One breakthrough after another has brought Laser Tracker Calibration to an accurate, economical science. These new developments have so improved the science of Laser Tracker calibration that the level of quality is now entirely compatible with the well tested ANSI-B89.4.1-1997 standard for Coordinate Measuring Machine (CMM ) evaluation. These developments give Laser Tracker Calibration a legal and a traceable foundation, and it can all be done on the shop floor. The calibration can also be done economically. Our Giant Invar® Ball Bar is widely used by the equipment manufacturers for calibrating laser trackers, but it is huge and expensive; and it really isn’t required to do an adequate job of calibration.

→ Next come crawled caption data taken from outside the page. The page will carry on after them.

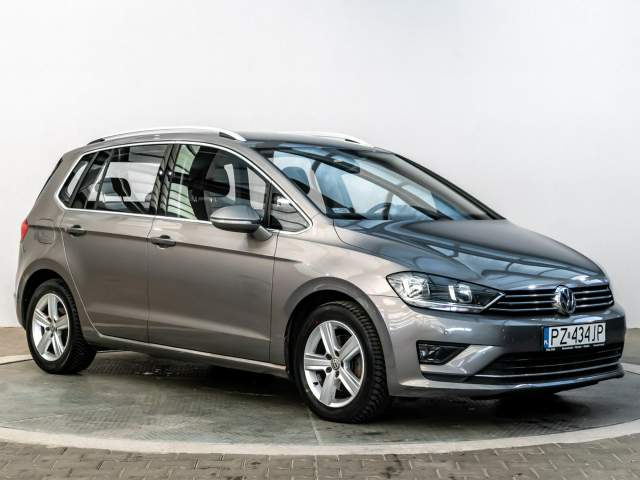 Volkswagen Golf Sportsvan I 2015 — zdjęcie 2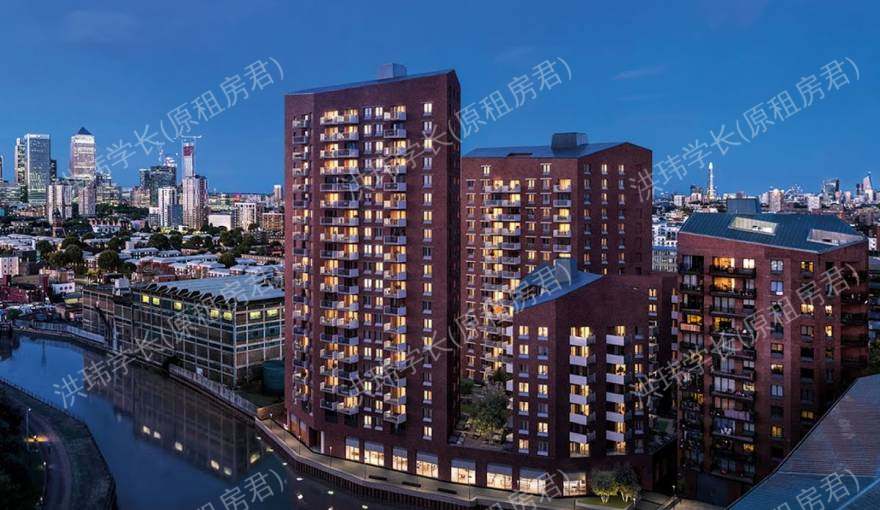 Skyline Apartments公寓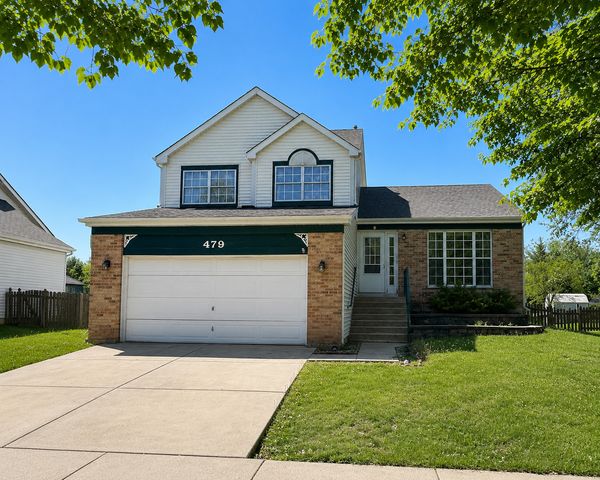 479 BLUEBIRD Drive, Bolingbrook, IL 60440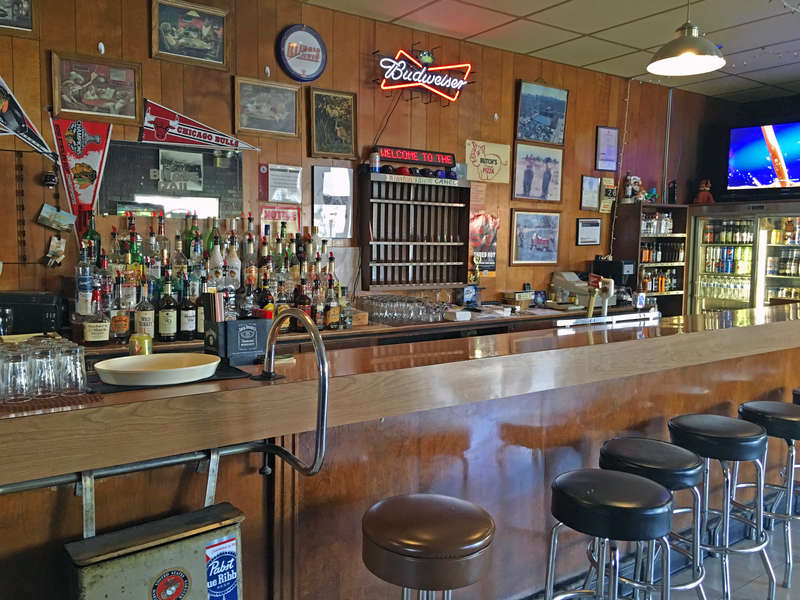 The Brass Rail: A Bar in Champaign, IL - Thrillist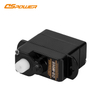 DS-M005 2 g plastic tooth body small force large speed 180° fixed wing UAV accessories model aircraft micro digital steering gear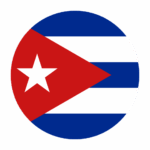 icono bandera cuba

In addition to providing a complete calibration device for all laser trackers, this same exact artifact and mounting system will accurately calibrate portable C.M.M.’s, optical scanners, optical probes and the various other devices in current use and still on the drawing boards. This device can also be adapted as a scale bar by calibrating the inter sphere length (refer to N.I.S.T. ). To facilitate the calibration of optical devices, a pair of satin finished titanium balls is available with a high magnetic permeability button installed. These satin finished titanium balls are substituted for the Spherically Mounted Retro-reflector (SMR’s) in the magnetically preloaded three ball kinematic nests mounted on each end of the “New Centerline Ball Bar Ranger”. These satin finished titanium balls are the ideal artifact for calibrating optical systems. Unlike satin finished ceramic, they give a single image. These balls have no spectral reflectivity or hot spots.

The balls are made in the three standard SMR diameters:

Part Number Description Price
SFTB-PERM-.5 One half inch (1/2”, 0.5”, 12.7mm ) diameter \$59.56
SFTB-PERM-.875 Seven eighths inch (7/8”, 0.875”, 22.2 mm ) diameter \$65.85
SFTB-PERM-1.5 One and one half inch (1 ½”, 1.5”, 38.1 mm ) diameter \$457.00

This new approach to Ball Bar technology uses the same age old principle that the distance between the two balls of a Ball Bar will remain “exactly” the same, no matter what the geometric location of the Ball Bar is. With this absolute knowledge, the actual performance of a Laser Tracker can be determined right out in the field.

A standard Ball Bar (Dumbbell ) consists of two very precise balls permanently attached to the ends of a long rigid bar. Using a Standard Ball Bar is not at all practical for use with Laser Trackers. The solution for this difficulty is to use the “New Centerline Ball Bar Ranger”, instead of a conventional Ball Bar. What the “New Centerline Ball Bar Ranger” does is to substitute a magnetically preloaded three ball kinematic nest for each of the two balls. When two SMR’s, are placed in the two magnetically preloaded three ball Kinematic nests, the distance between these two SMR’s, forms the equivalent of a Ball Bar. Ideally the SMR’s used would be one half inch (12.7mm) diameter to limit the weight and to make the device compatible with portable CMM calibration, however seven eighths of an inch (7/8”, 0.875”, 22.2 mm ) diameter and one and one half inch (1½”, 1.5”, 38.1 mm ) diameter versions are also available.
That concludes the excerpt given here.